Over half of the nation’s taxpayers hire tax professionals to prepare their yearly returns. Tax preparers play a key role in assisting taxpayers with IRS inquiries. The IRS encourages this relationship. The Taxpayer First Act, passed in July 2019, aims to improve IRS communication with taxpayers. Commissioner Rettig underscored the importance of tax preparers in helping with this policy shift in his recent talk at the AICPAA National ax Conference: “It’s very important … to get highly engaged with us on this. This belongs to you. It belongs to your clients. It belongs to every person on the IRS workforce. And we want to get it right.”
The Taxpayer First Act enhances taxpayer’s rights in dealing with the IRS, including changes to the collection of delinquent and unfiled taxes, such as:
- greater taxpayer protections from private tax debt collectors
- modified IRS procedures on summonses and notice with respect to third-party contacts
- income-based waivers or deferment for delinquent taxes
- direct payment options
If your client receives a Notice CP40 (or CP140 for business owners) with an authentication number, the IRS has turned over their debt to one of four collection agencies. The agency will send a letter with the same authentication number and information on how the taxpayer can resolve their overdue taxes.
Make sure that the client has received both letters with the matching authentication number. Some Dirty Dozen scams now involve realistic-looking IRS letters using stolen tax information, such as prior-year refund amounts, to trick taxpayers out of cash.
The collection agency will also reach out by telephone. Both the taxpayer and the agency will exchange the authentication number to identify themselves. When contacted, the taxpayer should make sure the caller is from one of the private collection agencies listed on IRS.gov.
The Taxpayer First Act enhances your client’s rights when dealing with collection agencies. Federal law prevents the agency from threatening, harassing, or even collecting money. All collection payments are made directly to the IRS or the U.S. Treasury – never to the agency.
The IRS announced via Fact Sheet 2019-15 that revenue officers will visit taxpayers who have been evading all other forms of contact about their ongoing compliance issues. Although revenue officer visits are generally unannounced, IRS emphasizes in the Fact Sheet that these visits will only occur after the taxpayer ignored numerous contacts by mail about an existing tax issue.

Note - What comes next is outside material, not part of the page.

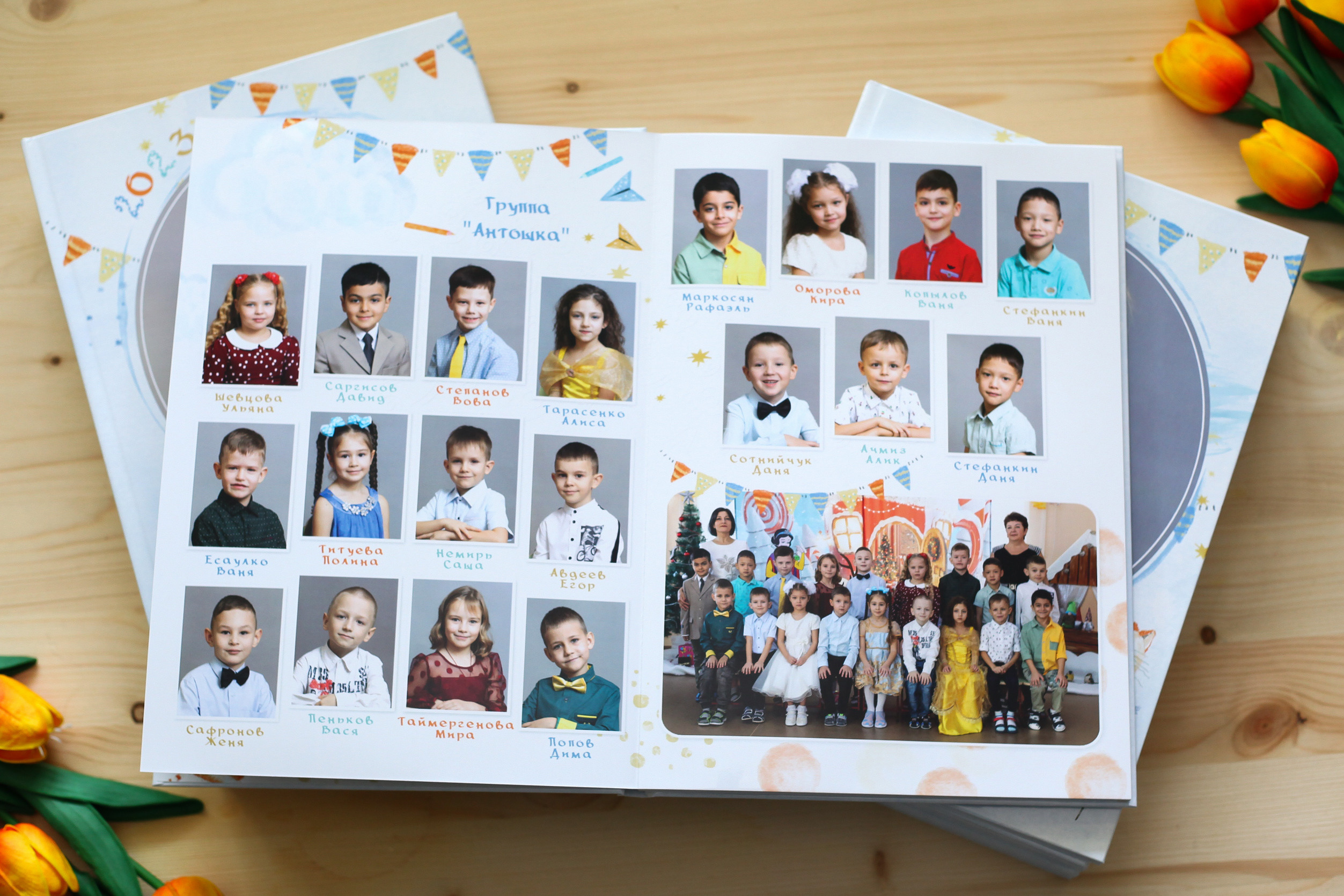 Образцы выпускных фотокниг для детского сада. Детский школьный и семейный фотограф в Краснодаре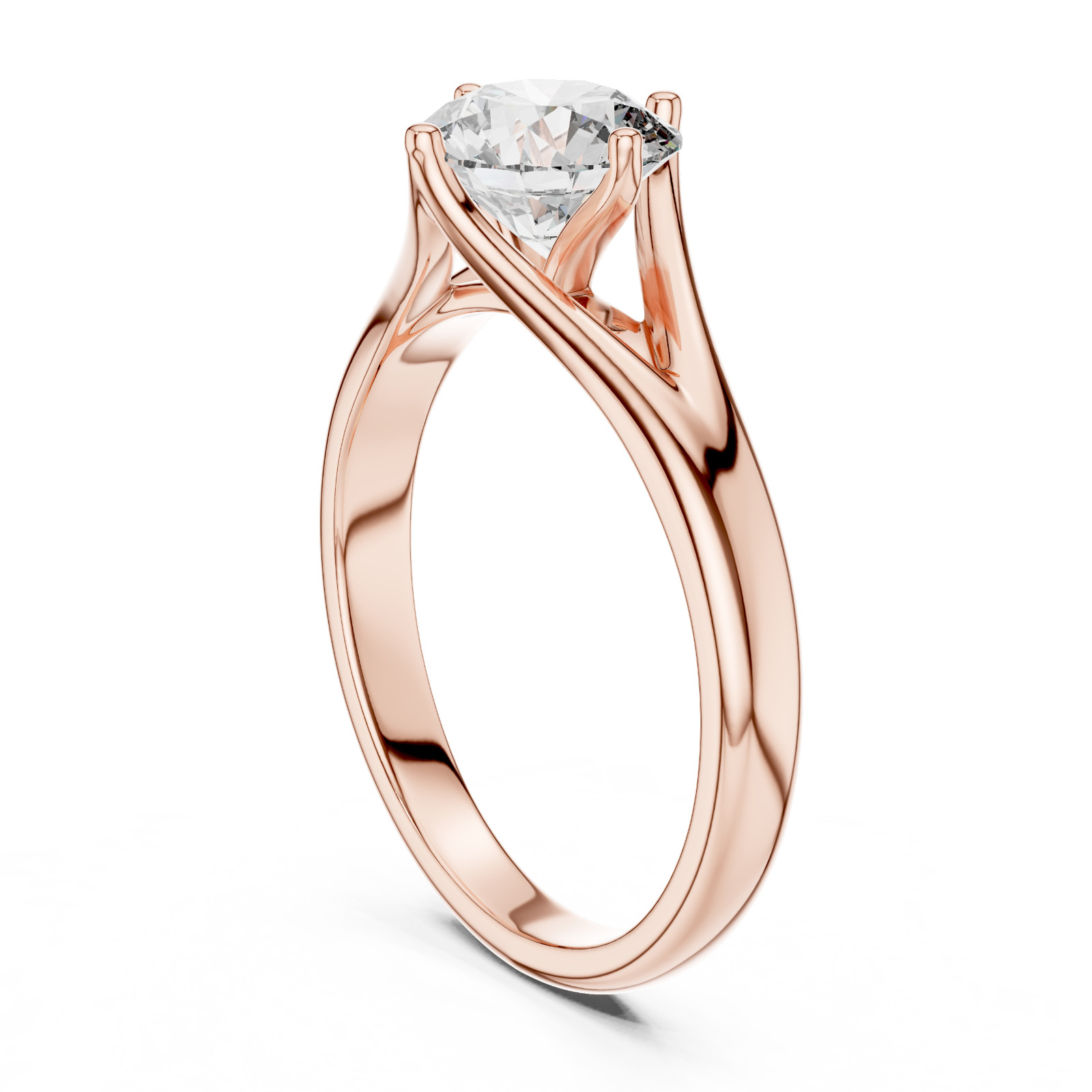 1 Ct Lab Grown Diamond IGI Certified Engagement Wedding Gold Ring 14 K F VVS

A legitimate RO is there to help the taxpayer understand and meet their tax obligations and is forbidden to threaten or request unusual forms of payment. The RO will not demand tax payment without the opportunity to question or appeal the amount. If there is outstanding federal tax debt, the RO will offer payment by a check payable to the U.S. Treasury or online payments through the Electronic Federal Tax Payment System (EFTPS).
When an RO visits, the taxpayer has the right to see two forms of official identification that include a serial number and a photo of the revenue officer. Revenue officers do not carry badges, which would be a sign of a scammer at work. Additional information on identifying legitimate IRS representatives and how to report scams can be found here.
As a tax professional, you are in a unique position to educate your clients and community on how they can proactively handle unfiled or unpaid taxes before IRS collection efforts begin. Whether your client has years of unfiled taxes or they simply can’t afford to settle their debt, there are options to bring their accounts current without collections.
If your client owes the IRS but is unable to pay, there are a few avenues open to reducing the hardship of that debt:
- installment agreements to pay gradually
- temporary delay of collections while in financial hardship
- offer in compromise to reduce total liability
Counsel your clients to bring their taxes up to date if they are behind in filing. Unlike 1040s that will receive refunds, which expire after three years, it is never too late to prepare and file paper returns with taxes owed. The IRS is more amenable to work out an agreement when all returns are filed.